EPL Club Aston Villa Announces Record Loss For Year Ending May 31, 2011

Aston Villa's losses have deepened every year under Lerner's ownership
EPL club Aston Villa announced that it lost $86.1M (all figures U.S.) in the year from June 1, 2010 to May 31, 2011, which is a "record loss" since Randy Lerner bought the club in '06, according to David Conn of the GUARDIAN. Under Lerner's ownership, the team's losses "have deepened every year." Lerner himself "continues to fund the club, via an ultimate holding company," called Reform Acquisitions, and Aston Villa said that Lerner has "invested a further" $39.9M into the club. Documents indicate that the total Lerner has invested in return for shares is now $212M. He has "also put money in as loans, but Villa did not release full figures, only the headlines of their financial results, so the total Lerner has invested is not yet known." However, the club "pointed to a slight increase in the club's annual income to a record" $146.6M (GUARDIAN, 2/29). In London, Peter Lansley notes the deficit of $86.1M -- up from $59.9M-- "explains the urgency with which Villa have moved to address their financial plight." With "average crowds dropping, the team facing their lowest league finish" since '06 and F Darren Bent "ruled out for the rest of the season, Villa are countenancing a new and harsh reality" (LONDON TIMES, 2/29).

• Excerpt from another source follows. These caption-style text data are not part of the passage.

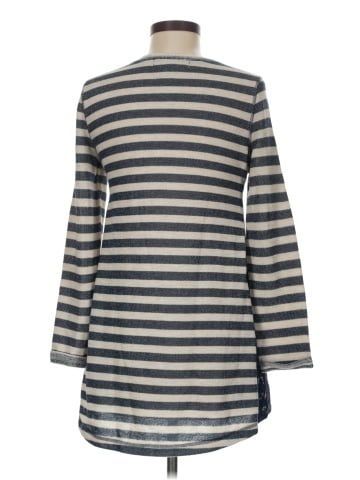 French Laundry Pullover Sweater (view 2)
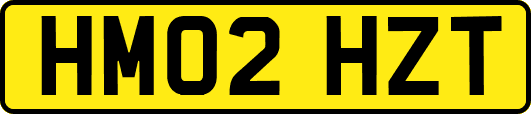 HM02HZT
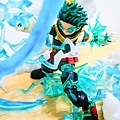 DSCN6316.jpg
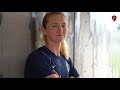Welcome Back Sam Mewis - NC Courage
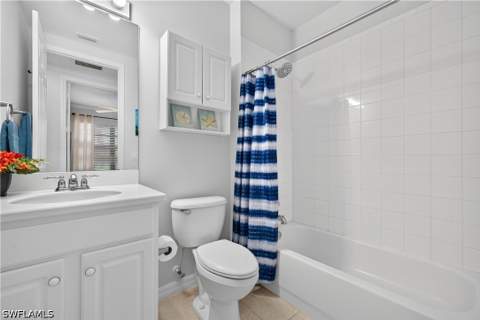 1379 Artesia Dr E 601, Naples FL - photo 18 of 38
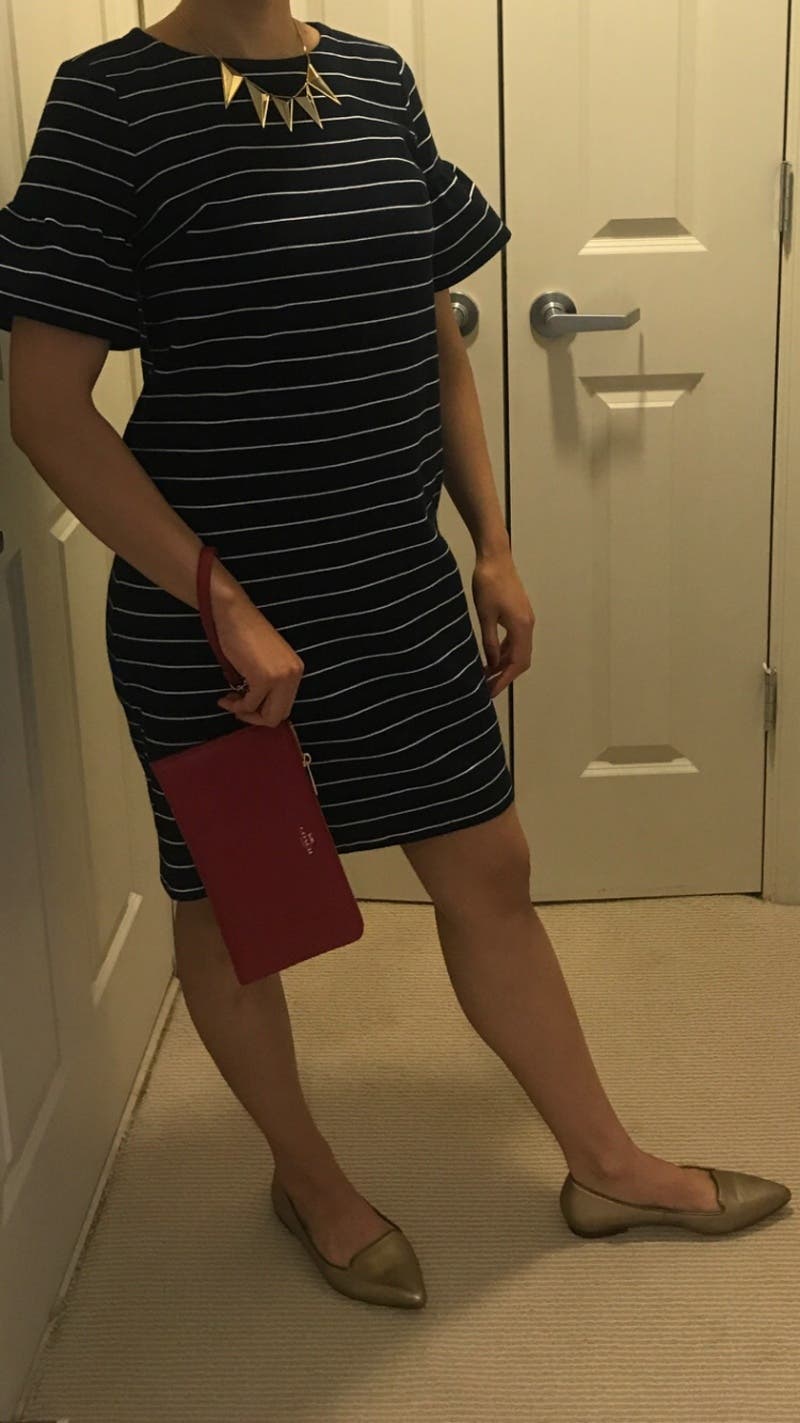 review thumbnail images 8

RISING PROFITS: The BBC reported EPL club Arsenal has seen a "huge rise in profits" to $78.9M following the sale of several key players. The profit from May-November '11 compares with a loss of $9.7M for the same period in '10. Some $66.3M of the club's profits "came from player trading." The figures "saw Arsenal's cash reserves rise" to $183.6M, up from $176M. Turnover from soccer rose to $180.9M from $155.6M (BBC.co.uk, 2/27). In London, Rory Smith noted Arsenal CEO Ivan Gazidis was "quick to warn that, contrary to speculation, not all of that money is theoretically available to be spent on players," as much of it is "earmarked for wages, running costs and a 'rainy day' fund designed to improve a cushion should Arsenal miss out on the Champions League" (LONDON TIMES, 2/28).